··· Information supplied
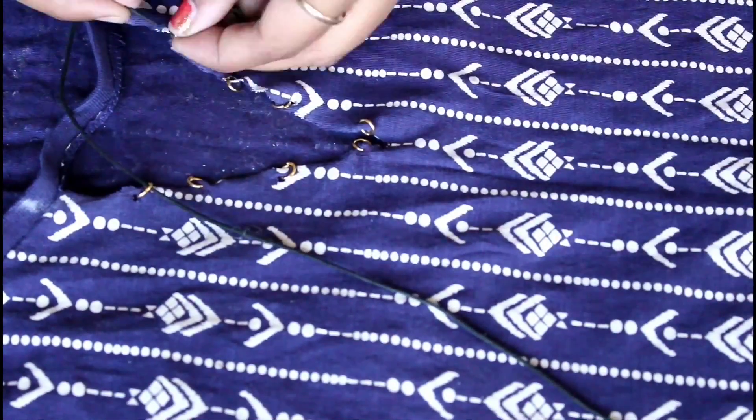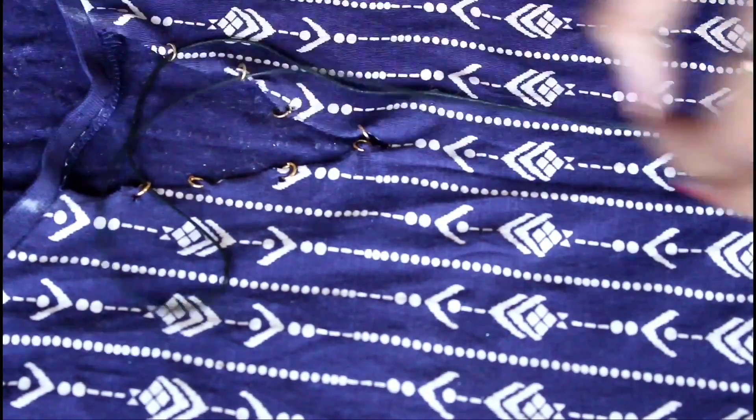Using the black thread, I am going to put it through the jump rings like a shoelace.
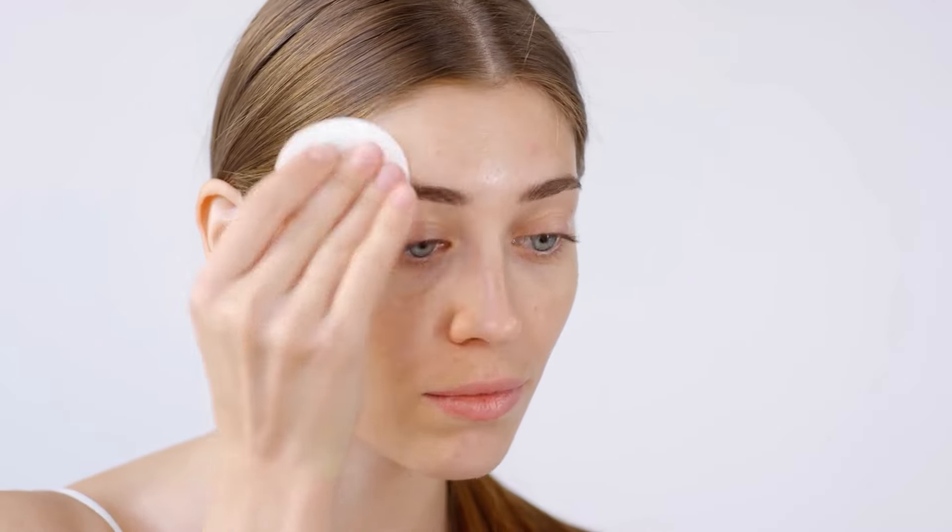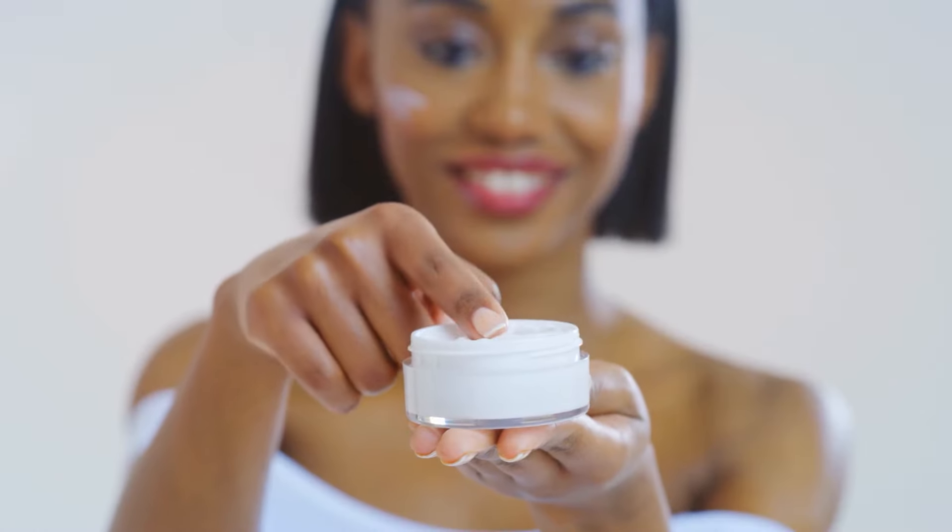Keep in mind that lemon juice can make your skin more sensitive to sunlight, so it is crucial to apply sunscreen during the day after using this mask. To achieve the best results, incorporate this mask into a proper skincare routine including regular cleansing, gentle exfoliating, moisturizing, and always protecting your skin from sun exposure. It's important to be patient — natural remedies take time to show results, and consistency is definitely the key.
······
··· Information supplied
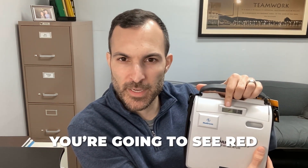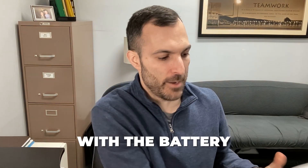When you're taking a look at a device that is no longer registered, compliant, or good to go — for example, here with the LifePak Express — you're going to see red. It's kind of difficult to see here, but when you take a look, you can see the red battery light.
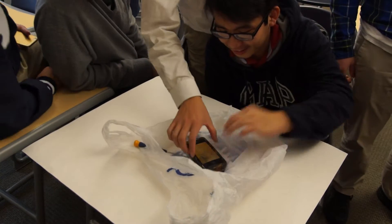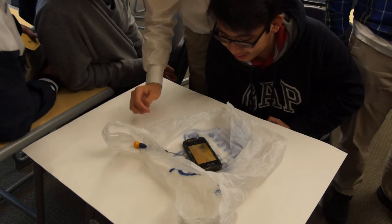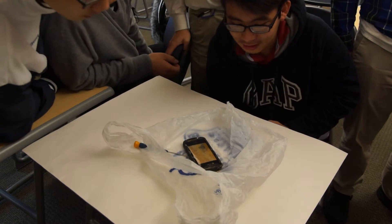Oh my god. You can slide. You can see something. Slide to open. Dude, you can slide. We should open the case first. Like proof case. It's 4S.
······
▶ _Work item_: Output exactly the lines of the listing above that start with the one holding "Using the black" and go on through the one holding "Keep in mind"; leave the pictures out.

▶ _Task response_:
Using the black thread, I am going to put it through the jump rings like a shoelace.
Keep in mind that lemon juice can make your skin more sensitive to sunlight, so it is crucial to apply sunscreen during the day after using this mask. To achieve the best results, incorporate this mask into a proper skincare routine including regular cleansing, gentle exfoliating, moisturizing, and always protecting your skin from sun exposure. It's important to be patient — natural remedies take time to show results, and consistency is definitely the key.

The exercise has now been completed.